Keywords

1 Introduction

The construction, operation and demolition of a building have tremendous impacts on the global energy and environment. With the facilities contributing 40 % of the carbon emissions to the atmosphere and 20 % of material waste to landfills, the construction industry has a responsibility to use the earth’s resources as efficiently as possible [1]. Initial construction costs are overly concerned and the economic, social and environmental impacts are often neglected in traditional construction projects. It is much more cost-effective to design and build from the ground up rather than retrofit afterwards because of the long life of buildings. As such, advanced design and management tools are needed to justify the initial investment for sustainable construction.
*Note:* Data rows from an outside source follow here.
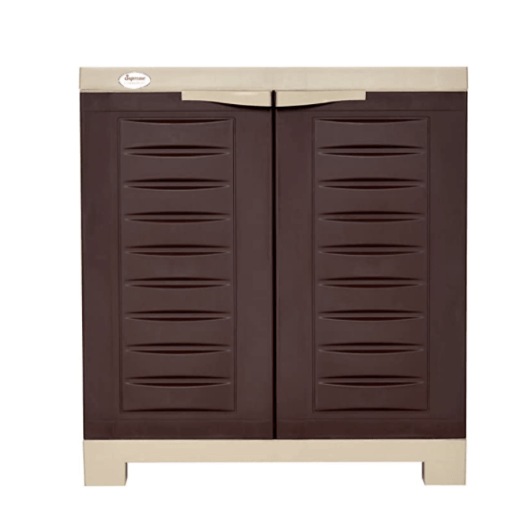 Supreme Fusion Multi Purpose Plastic Cupboard for Home (Small Size, Globus Brown & Dark Beige)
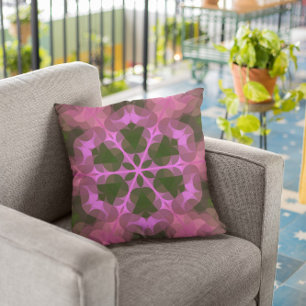 Retro Mandala Flower Pink and Green Cushion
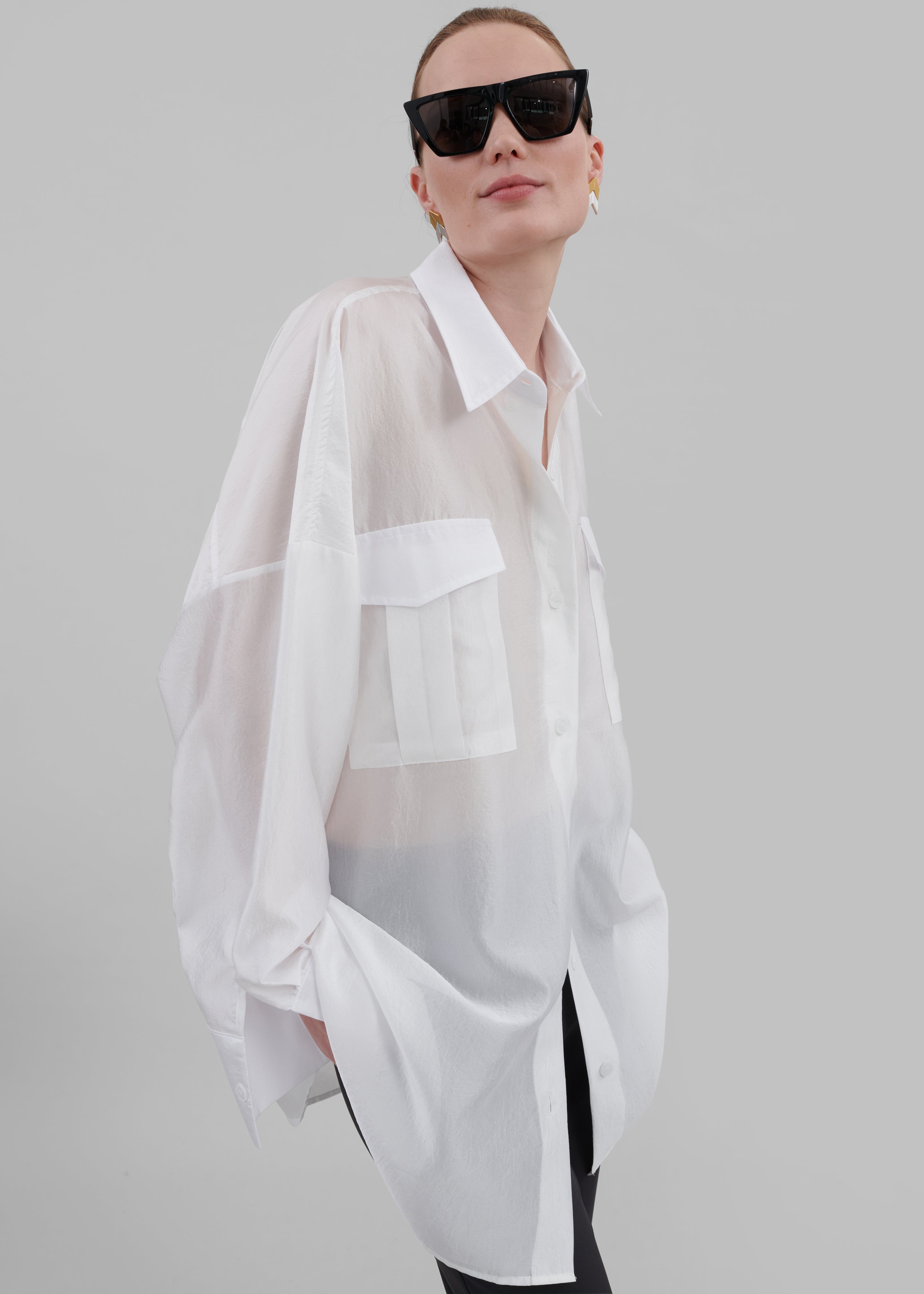 Laure Oversized Sheer Button Up Shirt - White - 1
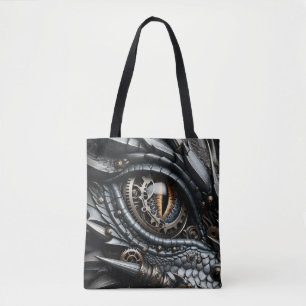 Steampunk-Drachenauge Nahaufnahme Ai-Kunst Tasche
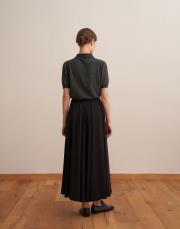 fermuarlı pileli teknik etek siyah 4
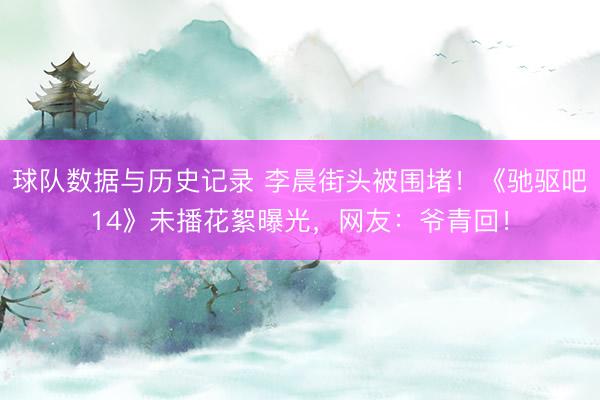 球队数据与历史记录 李晨街头被围堵！《驰驱吧14》未播花絮曝光，网友：爷青回！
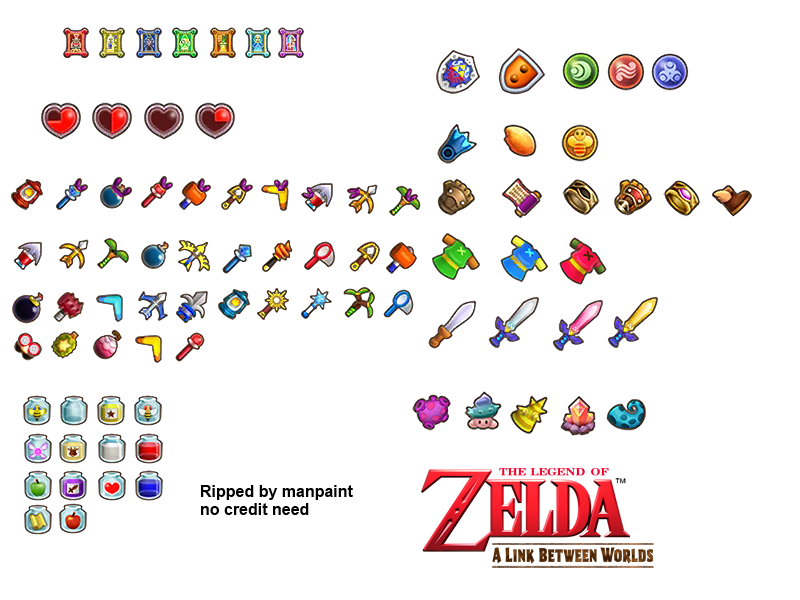 The Legend of Zelda: A Link Between Worlds - Items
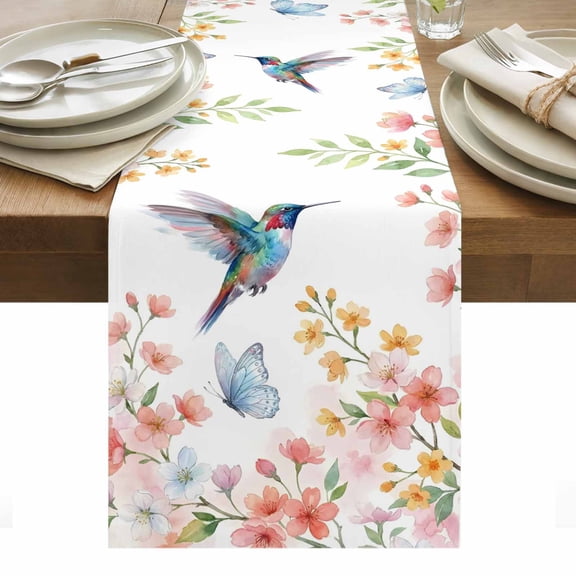 Table Runner Dresser Scarves 36 Inch Long,Watercolor Hummingbird Butterflies Linen Dining Table Runners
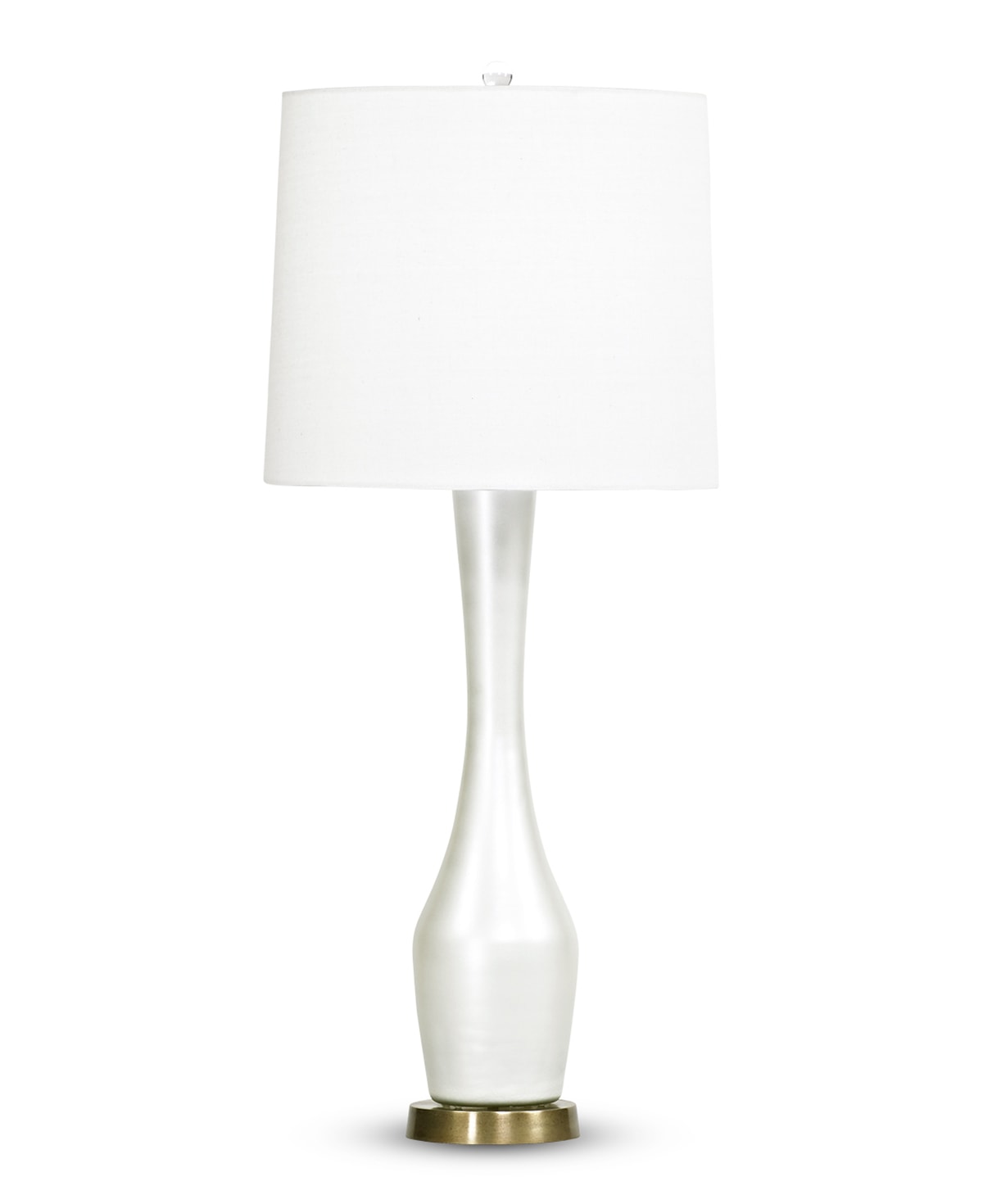 FlowDecor Carnation Table Lamp in mouth-blown glass with pearlescent cream finish and metal with antique brass finish and off-white linen tapered drum shade (# 3721)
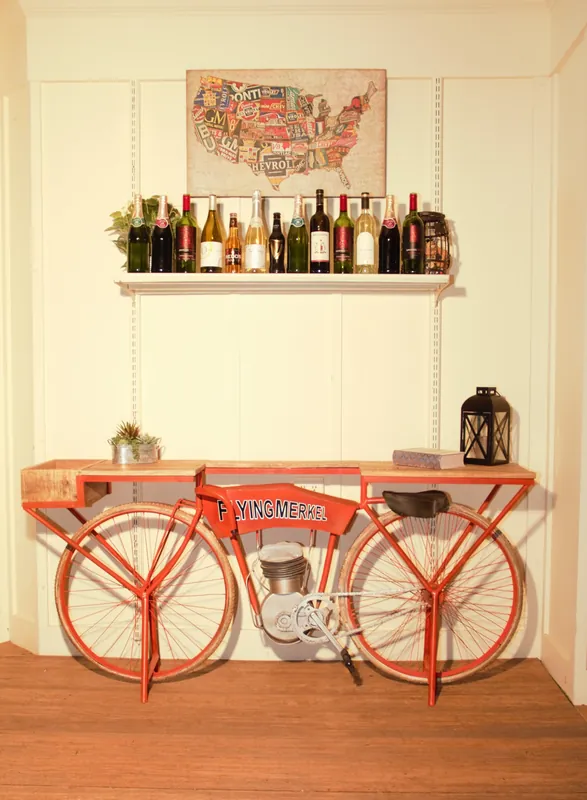 Orange Flying Merkel Motorcycle Bar Cart By Homeroots Must Have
LCM has been introduced into the management of construction projects in recent years [2]. It is believed that LCM can be applied to the whole construction process, thus making it possible to improve sustainability indicators and also minimize the environmental loads of the full building life cycle [3]. The application of LCM is fundamental in pursuing sustainability and improvements in the construction industry. However, the life cycle of construction projects is traditionally separated into several independent and contiguous phases, e.g., planning, design, construction, operation, etc., and there are almost no communication or interaction between participants in each phase [4]. This frequently leads to numerous reworks and changes during the construction and hence reducing the sustainability. LCM approach can integrate all phases of the project lifecycle and support information sharing and intra- and inter-organizational collaboration. On the one hand, this promotes realization of the three traditional objectives (time, cost and quality). On the other hand, it enhances the sustainability of construction products and processes.

BIM is a building lifecycle management tool of well understood information exchanges, workflows, and procedures used throughout the building lifecycle [1]. BIM can also fulfill new requirements which are brought by the interdisciplinary and hence complex nature of sustainable constructions. The increased complexity of the sustainable construction project results from the objective diversity and from inter-organization collaboration, where participants from different disciplines and different organizations need to work together to construct a sustainable product. Because of the complexity nature of sustainable project, a great deal of information should be managed and the information should be open, transparent, consistent, and easy to access. Two-dimensional (2D) drawings cannot fully meet the demands of information communication and cooperation among different parties. This challenge can be mastered by using BIM-based approach in the lifecycle of sustainable projects. To demonstrate this, a case study has been carried out based on the application of the BIM-based LCM approach.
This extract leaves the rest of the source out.